We provide a demo of the parallel majorization-minimization (PMM) algorithm for non-convex optimization in machine learning that was published in [1]. This paper presents an optimization framework for nonconvex problems based on majorization-minimization that is particularity well-suited for cases when the number of features/parameters is very large. The original large-scale problem is broken into smaller sub-problems that can be solved in parallel while still guaranteeing the monotonic reduction of the original objective function and convergence to a local minimum. Due to the low dimensionality of each sub-problem, second-order optimization methods become computationally feasible and can be used to accelerate convergence.
The advantages of this algorithm over other gradient-based methods for non-convex optimization (e.g., Gradient Descent, LBFGS, RMS-Prop, ADAGRAD) are as follows: (1) No tuning of learning rates required; (2) Scale invariance (similar to 2nd order methods but without using the Hessian); (3) Highly parallel - the parameters are split into small groups that can be processed in parallel; (4) Cost function guarenteed to decrease monotonically (any increase is an indication of a bug) without any expensive line searches.

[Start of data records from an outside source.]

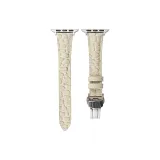 Ecru-Silver-Tone Buckle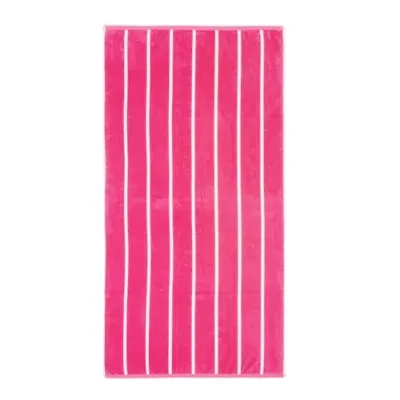 Outdoor Oasis Cabana Stripe Reversible Beach Towel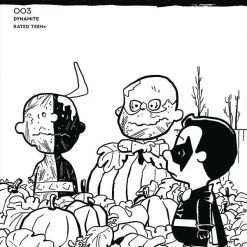 MARVEL COMICS DIE!NAMITE #3 7 COPY PEANUTS HOMAGE LINE ART FOC INCV
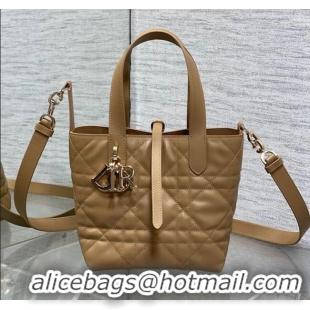 Promotional Dior Small Toujours Vertical Tote Bag in Macrocannage Calfskin 2835 Tan Brown 2025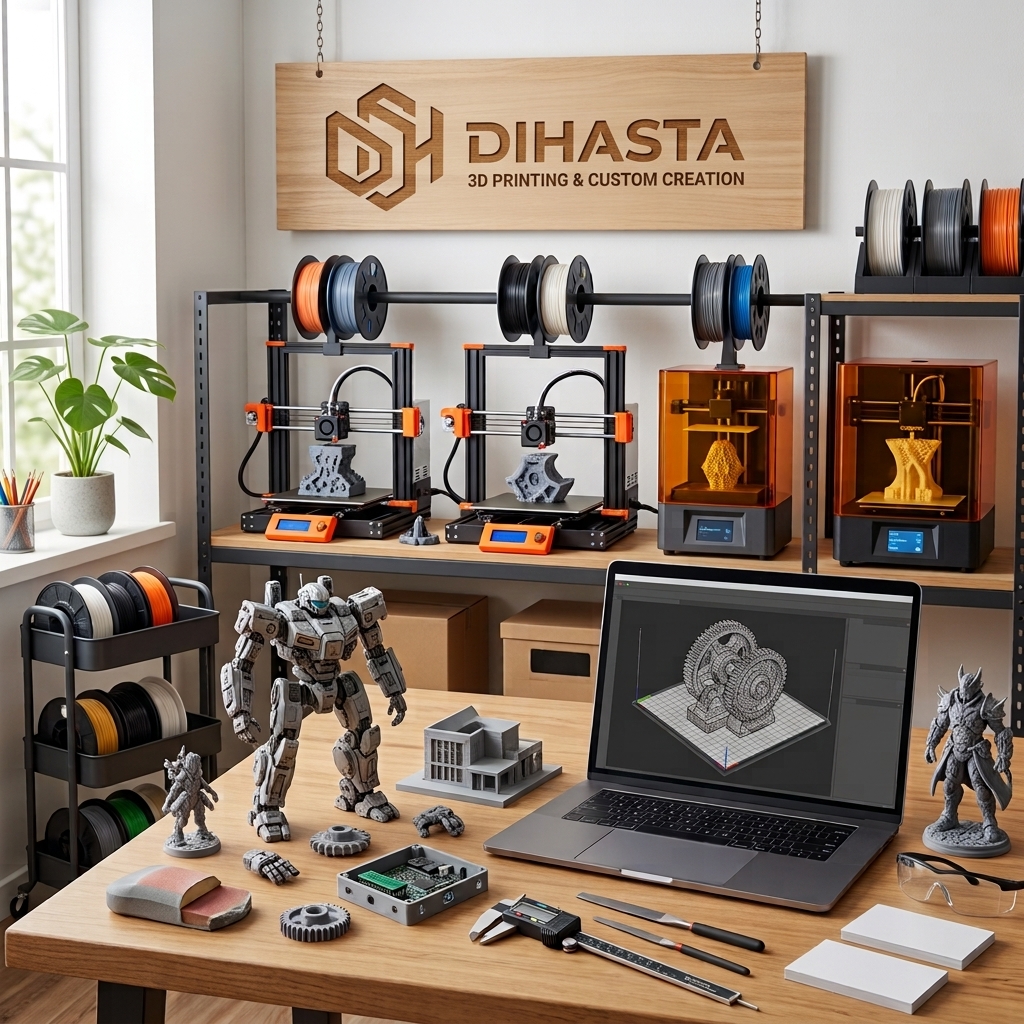 Hasil cetak 3D Jasa 3D Printing - Jasa 3D Printing Trenggalek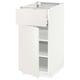 METOD white kitchen cabinet with single drawer and door, sleek design.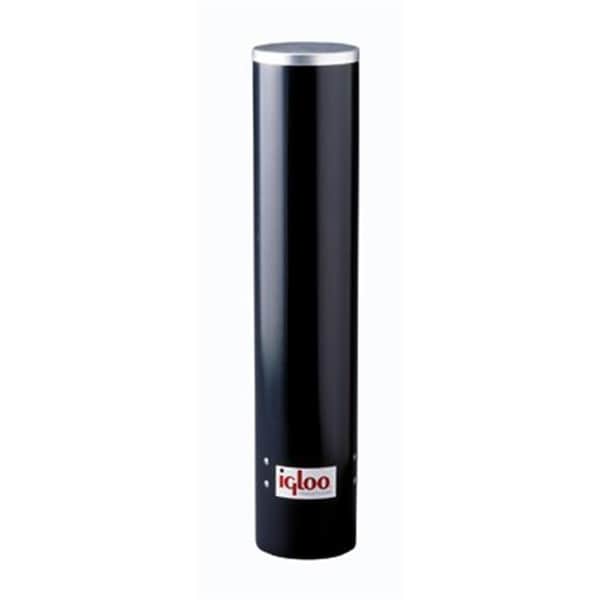 Igloo 385-8242 4-4.5Oz. Cup Dispenser Black Plastic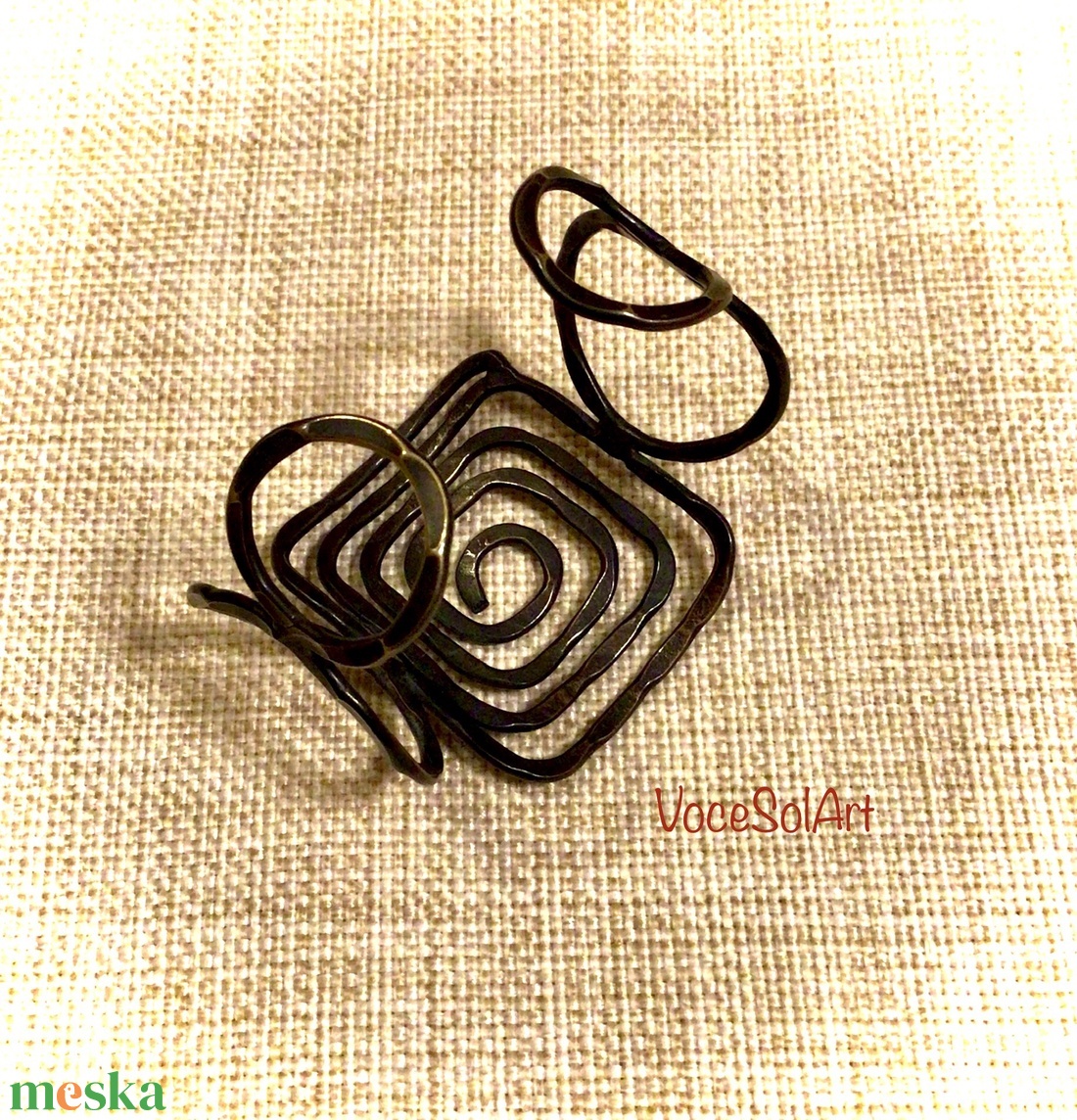 Meander  Karkötő - ékszer - karkötő - széles karkötő - Meska.hu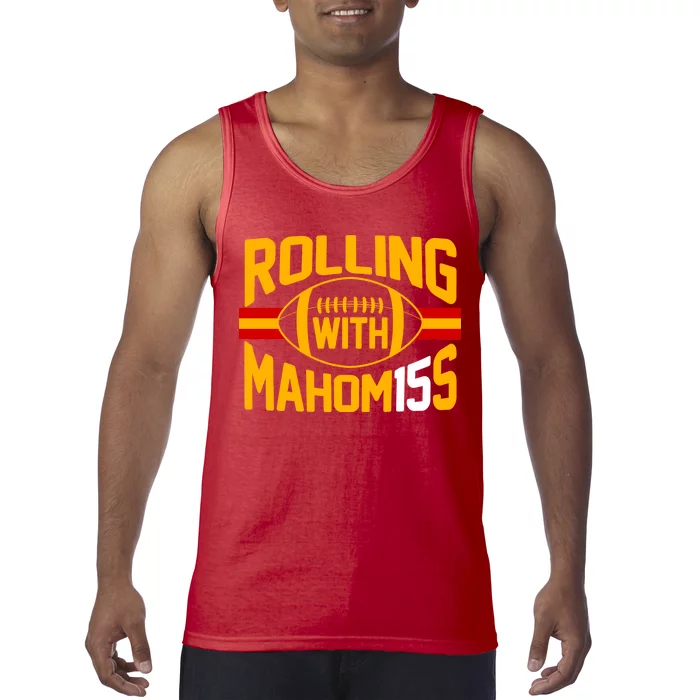 Rolling With Mahomes KC Football Tank Top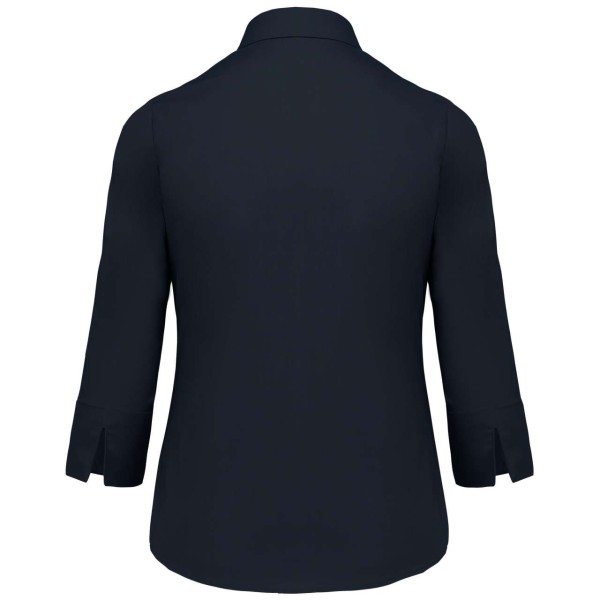 LADIES' 3/4 SLEEVED SHIRT Kék 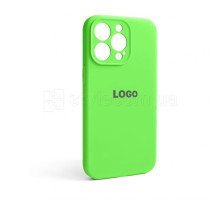 Чохол Full Silicone Case для Apple iPhone 13 Pro shiny green (40) закрита камера TPS-2710000232858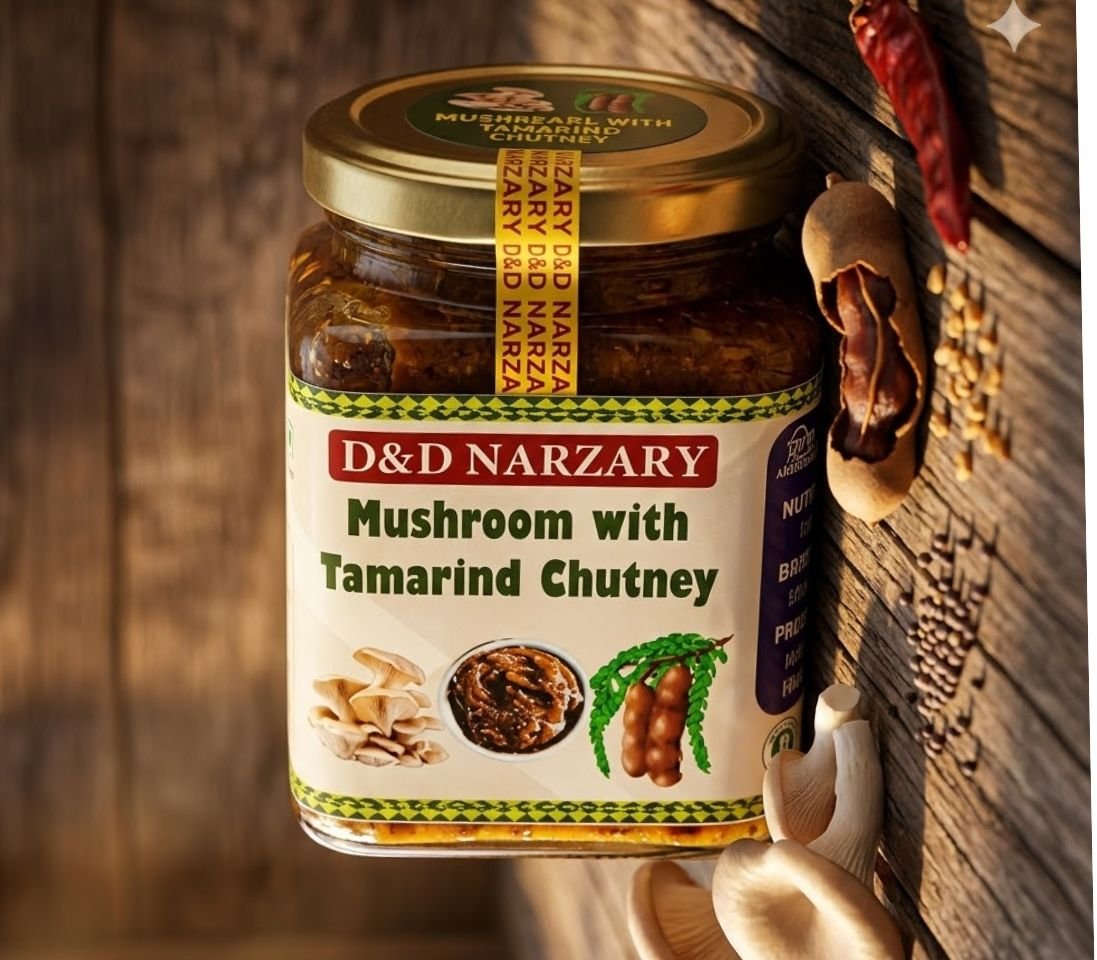 Mushroom with Tamarind Chutney - Image 2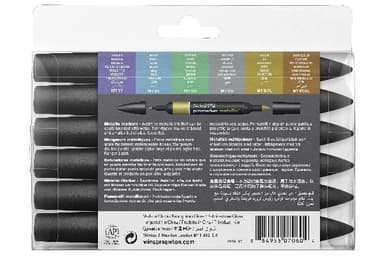 Winsor Promarker Metallic Marker 6 stk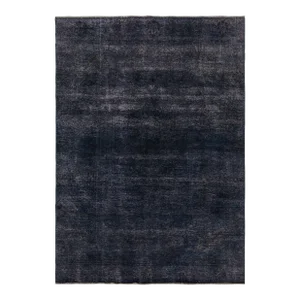 Vintage Persian Rug in Blue and Black by Rug & Kilim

Although the framework in [1] address a wide range of cost functions in the generalized linear model family, the current code only supports two specific models: sigmoid-loss SVM and logistic regression with logarithmic penalty (for promoting stronger sparsity) applied to binary classification problems. We hope to make the code more general in the future.
- Y. Kaganovsky, I. Odinaka, D. Carlson, and L. Carin, Parallel Majorization Minimization with Dynamically Restricted Domains for Nonconvex Optimization, Journal of Machine Learning Research W&CP Vol. 51: Proc 19th conference on Artificial Intelligence and Statistics (AISTATS) 2016.
Open MATLAB and run Demo_TB.m from the TB folder. It will compile all the necessary C++ mex files. Tested on Linux and Windows machines running MATLAB 8.2 and 8.6.
- The code uses openMP in the C++ code to perform parallel computations in order to obtain a considerable speedup. This feature will be turned off when using compilers that do not support openMP, resulting in a considerable slow-down of the PMM algorithm.
- Currently all algorithms for the non-convex models use a single random initialization. To run multiple random initializations and compute the mean and variance for the classification accuracy, the user can modify the variable "no_inits" in the file Demo_TB.m.
- In the paper [1], the run time for each algorithm was limited to 5 minutes. To save time, we shortened it to 1 minute in logistic regression so some discreptincies realtive to [1] are expected. To obtain the same results, the user can change the parameter options.max_train_time = 300 (secs) in the file run_all_algorithms_TB_nonconvex_LR.m.